小説が書けないアイツに書かせる方法 (電撃文庫) 著 アサウラ
【何故だろう?君に脅されると心がときめいてしまう】
勃起不全に悩む少年が魅惑の少女に脅され、小説を書く物語。
勃起不全に悩む少年が魅惑の少女に脅され、小説を書く物語。
自らの恥部を曝け出した者にしか分からぬ、境地と快感がある。
自らの倒錯的性癖を世に放つ事で、マスをカクような悦に浸っていた零。
しかし、自ら告白した性の悩みは、己の過去を越える事が出来ないまま。
産みの苦しみに喘ぐ零を救うように現れた理想的な天啓、琥珀に半ば脅されるまま小説を書く事で。
今までの苦悩が嘘のように創作のアイデアが無尽蔵に湧いて来る。
凸凹コンビかと思われた二人は、思ったより相性が良くて。
琥珀のアイディアとそれを雫に想像させる手段は想像の斜め上過ぎて驚愕を隠せないが、何とか自分の中で消化させる雫。
何故か全てが上手くいくかに思えた所で突然立ち込める暗雲。
唯一無二の創作を行うには頭のネジを外す必要がある。
ぶっとんだ思考こそが、受け取り手側の性的嗜好を存分に掻き立て、万人の満足する作品となる。
実体験を繊細に描写し、物語に仕立てあげられる雫と対照的に妄想をとんでもないレベルで官能的に書く琥珀。

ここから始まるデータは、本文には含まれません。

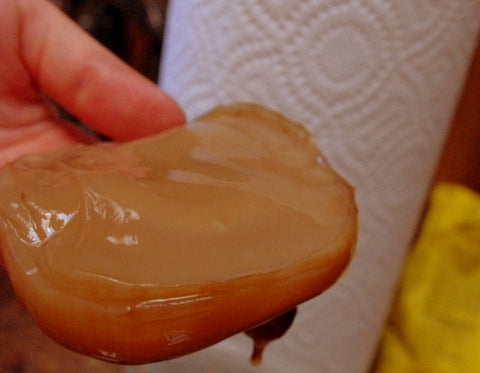 Scoby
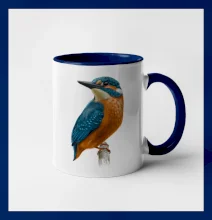 Ľadnáčik kreslený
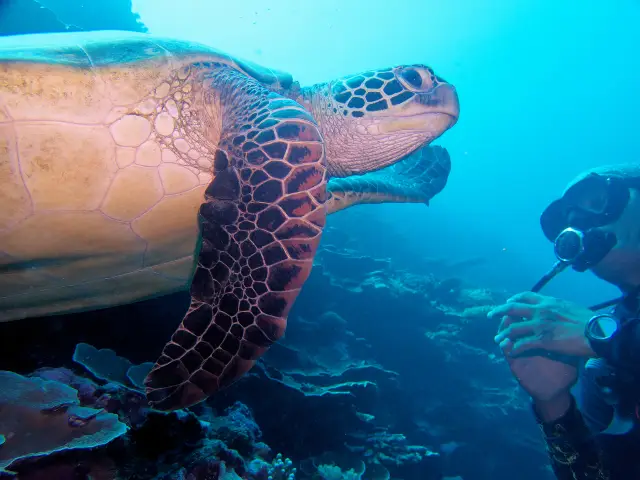 Scuba Diving in Tahiti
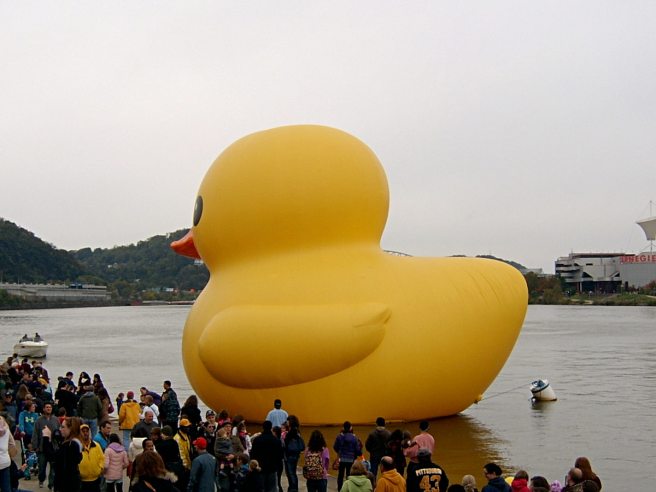2013-10-19-duck-02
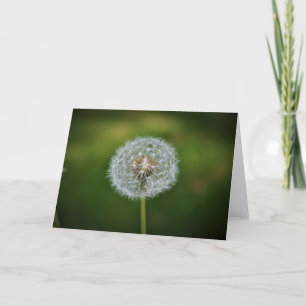 Dandelion, carte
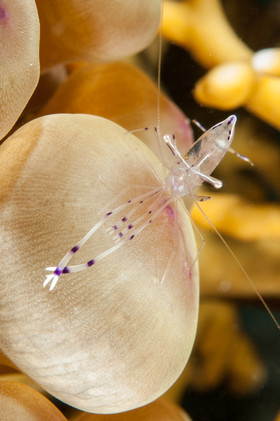 Crevette nettoyeuse sur anémone boule
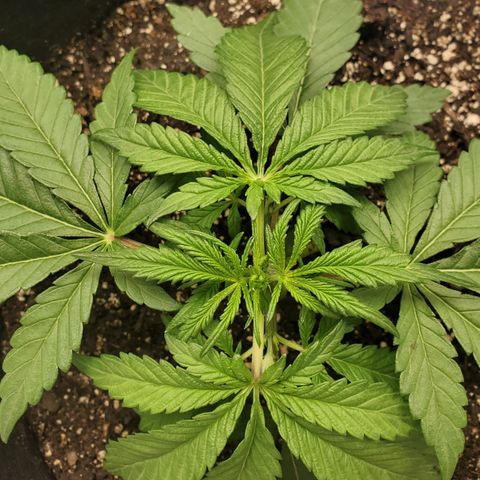 GCA growlog timeline photo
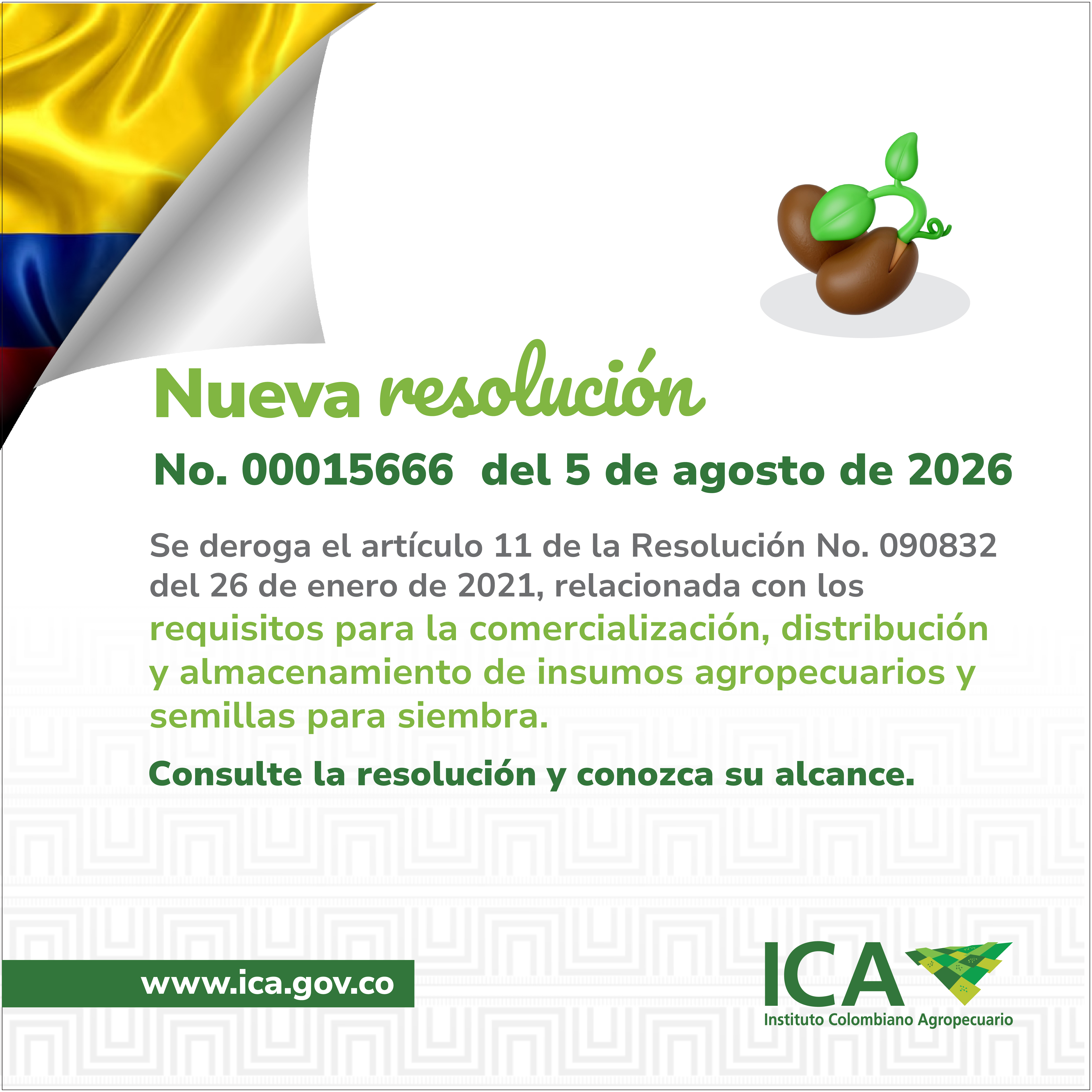 Consulta aquí la resolución 00015666
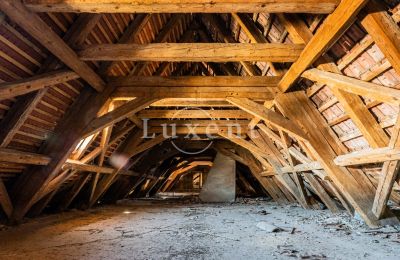 Castle for sale Cítoliby, Zamek Cítoliby, Ústecký kraj, Roof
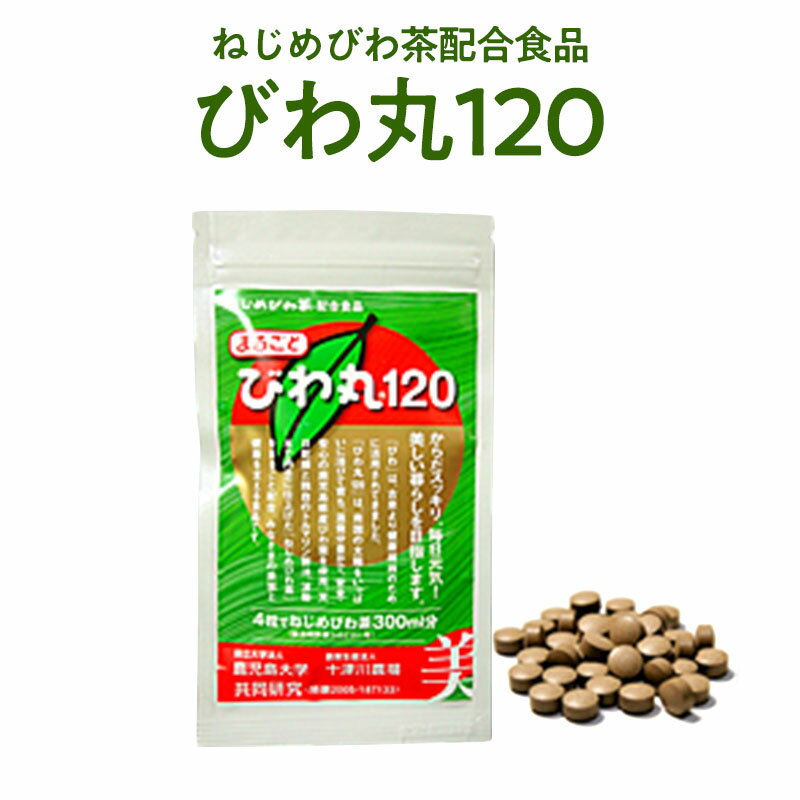 「びわ丸120」1袋【送料無料】【産地直送】【鹿児島】【十津川農場】ねじめびわ茶のサムネイル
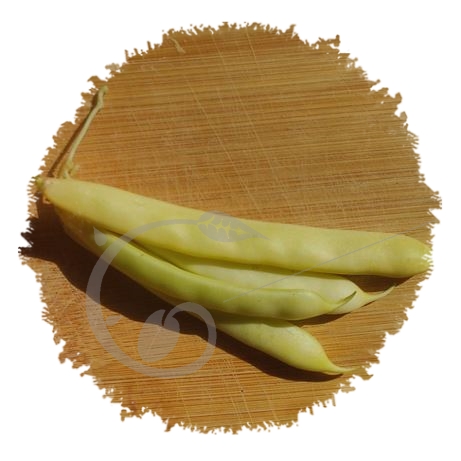 graine et semence Haricot nain mangetout plat beurre Capitano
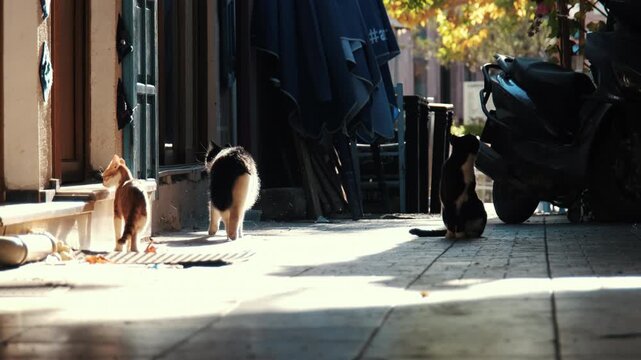 Fluffy black and white stray cat walking along pavement beside playful kitten and resting cat on sunny street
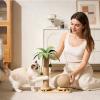 Sisal Cat Scratcher for Play and Furniture Protection view 4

互いに創作に対しての価値観の相違はあれど、人々を自分の作品で興奮させたいという熱量は同じで。
自分のこの空想と感情を分かって欲しい。
承認欲求というと現代ではマイナスイメージかもしれないが、その人だけの自己表現を見たい欲求が読者にはある。
書き手側も自分の見える世界を味あわせたいという欲求がある。
二人の相乗効果により、創作小説は軌道にのるが突然の停滞。
そんな時、琥珀の秘密を知り零は行動を起こす。
恥ずかしさや葛藤やすれ違いを乗り越えて熱く挑んだ結末は、下ネタ満載ながらも何処かやり切ったような清浄な清々しい達成感が全身を包む。
まさに、この状態を賢者タイムと呼ぶのだ。